[Start of section]
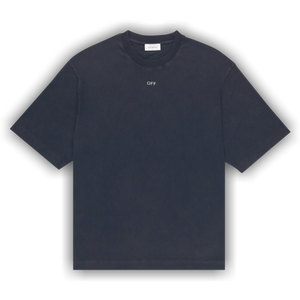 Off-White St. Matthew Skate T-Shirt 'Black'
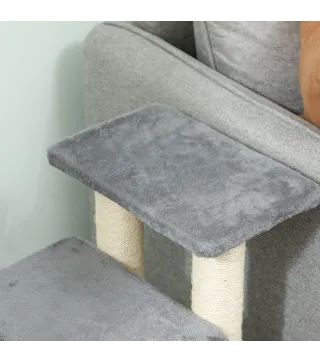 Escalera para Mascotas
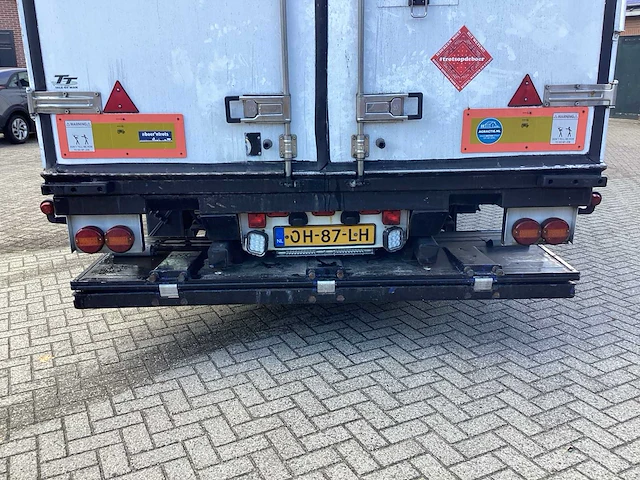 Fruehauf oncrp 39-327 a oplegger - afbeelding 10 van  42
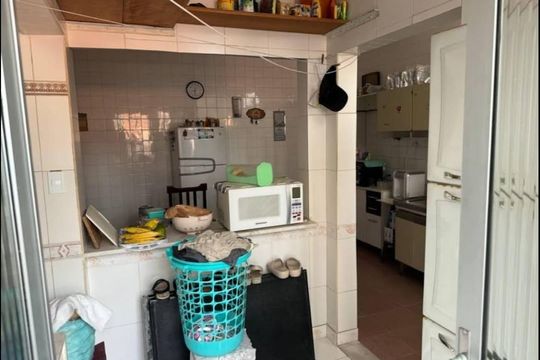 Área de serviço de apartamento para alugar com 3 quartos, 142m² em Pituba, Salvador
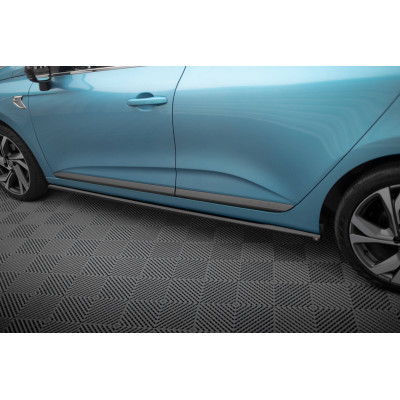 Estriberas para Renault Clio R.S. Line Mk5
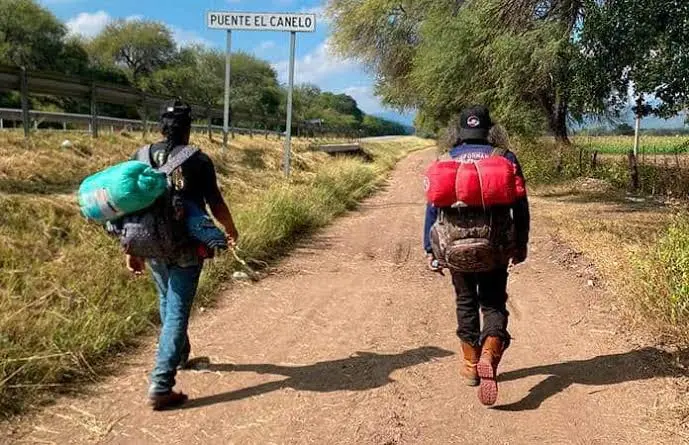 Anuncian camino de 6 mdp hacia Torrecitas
[End of section]
[Start of section]
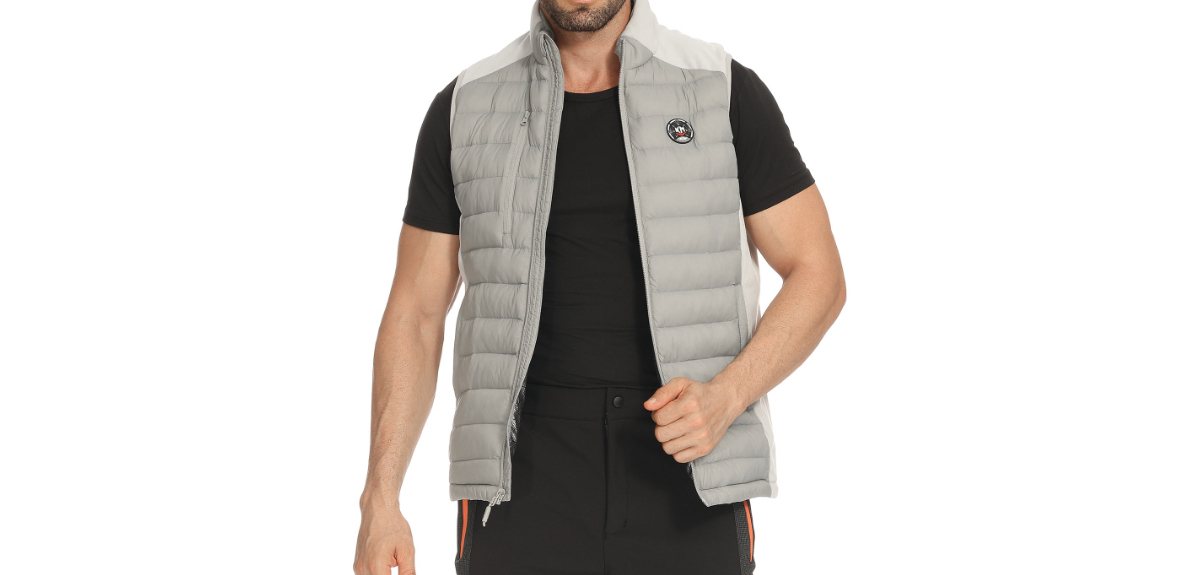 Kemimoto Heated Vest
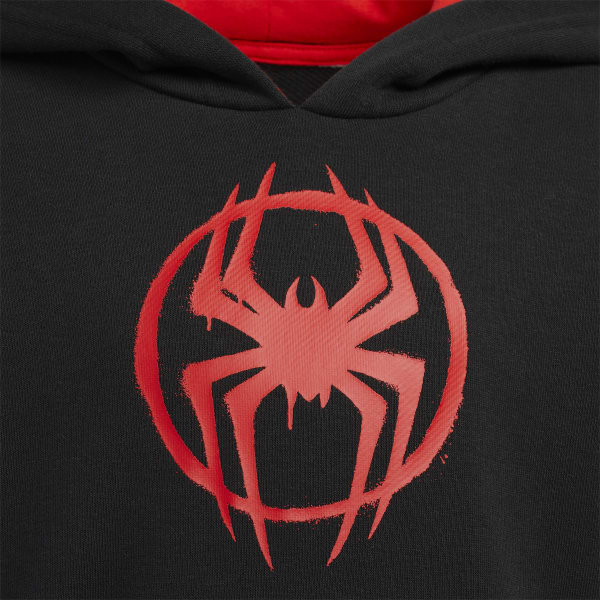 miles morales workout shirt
[End of section]
[Start of section]
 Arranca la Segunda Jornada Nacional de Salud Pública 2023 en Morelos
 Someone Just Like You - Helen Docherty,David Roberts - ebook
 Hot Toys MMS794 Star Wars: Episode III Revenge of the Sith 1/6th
[End of section]
PROMPT
Above are some records; extract exactly the lines from the one containing "Escalera para Mascotas" through the one containing "Anuncian camino de 6 mdp hacia Torrecitas" and drop the pictures.

RESPONSE
 Escalera para Mascotas
 Fruehauf oncrp 39-327 a oplegger - afbeelding 10 van  42
 Área de serviço de apartamento para alugar com 3 quartos, 142m² em Pituba, Salvador
 Estriberas para Renault Clio R.S. Line Mk5
 Anuncian camino de 6 mdp hacia Torrecitas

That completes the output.